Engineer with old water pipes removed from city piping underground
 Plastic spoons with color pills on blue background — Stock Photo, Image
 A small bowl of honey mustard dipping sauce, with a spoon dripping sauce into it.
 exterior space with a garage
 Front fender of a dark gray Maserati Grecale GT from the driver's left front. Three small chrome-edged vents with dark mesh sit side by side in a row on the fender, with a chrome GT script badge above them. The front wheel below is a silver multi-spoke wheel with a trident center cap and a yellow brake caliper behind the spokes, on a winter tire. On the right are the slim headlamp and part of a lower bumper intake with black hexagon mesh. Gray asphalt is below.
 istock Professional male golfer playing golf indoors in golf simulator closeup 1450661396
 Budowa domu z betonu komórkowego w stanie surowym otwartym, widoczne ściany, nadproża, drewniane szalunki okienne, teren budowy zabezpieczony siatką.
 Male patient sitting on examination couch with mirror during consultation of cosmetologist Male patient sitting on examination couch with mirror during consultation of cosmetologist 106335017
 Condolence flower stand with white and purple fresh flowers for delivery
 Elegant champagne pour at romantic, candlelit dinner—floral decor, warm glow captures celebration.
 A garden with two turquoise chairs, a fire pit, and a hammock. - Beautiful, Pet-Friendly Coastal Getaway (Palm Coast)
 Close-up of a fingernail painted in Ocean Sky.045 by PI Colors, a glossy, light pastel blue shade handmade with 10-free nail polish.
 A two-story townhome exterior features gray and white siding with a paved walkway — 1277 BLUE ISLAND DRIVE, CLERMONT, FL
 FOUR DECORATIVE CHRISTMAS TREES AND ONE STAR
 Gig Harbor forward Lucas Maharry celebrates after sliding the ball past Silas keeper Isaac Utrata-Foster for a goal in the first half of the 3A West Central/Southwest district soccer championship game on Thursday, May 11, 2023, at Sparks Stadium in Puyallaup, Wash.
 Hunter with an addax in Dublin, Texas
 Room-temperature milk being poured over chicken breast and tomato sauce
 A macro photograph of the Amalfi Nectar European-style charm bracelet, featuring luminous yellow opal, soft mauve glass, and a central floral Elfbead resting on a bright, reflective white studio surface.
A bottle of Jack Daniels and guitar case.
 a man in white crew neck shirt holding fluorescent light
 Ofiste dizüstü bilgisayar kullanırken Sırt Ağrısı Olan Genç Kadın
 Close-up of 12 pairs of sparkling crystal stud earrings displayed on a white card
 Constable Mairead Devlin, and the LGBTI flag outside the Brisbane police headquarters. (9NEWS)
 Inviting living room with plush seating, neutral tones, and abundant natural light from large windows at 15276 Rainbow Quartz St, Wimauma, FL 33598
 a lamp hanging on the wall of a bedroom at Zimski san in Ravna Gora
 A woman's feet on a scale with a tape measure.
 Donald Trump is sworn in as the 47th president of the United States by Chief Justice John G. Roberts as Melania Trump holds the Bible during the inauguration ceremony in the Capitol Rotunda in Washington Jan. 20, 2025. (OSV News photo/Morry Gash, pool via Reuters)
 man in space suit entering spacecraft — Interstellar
*-*-*
▸ **Exercise directions**: For the material above, reproduce exactly the lines from the line with "Condolence flower stand" to the line with "A garden with", inclusive, and exclude all others.

▸ **Output**:
 Condolence flower stand with white and purple fresh flowers for delivery
 Elegant champagne pour at romantic, candlelit dinner—floral decor, warm glow captures celebration.
 A garden with two turquoise chairs, a fire pit, and a hammock. - Beautiful, Pet-Friendly Coastal Getaway (Palm Coast)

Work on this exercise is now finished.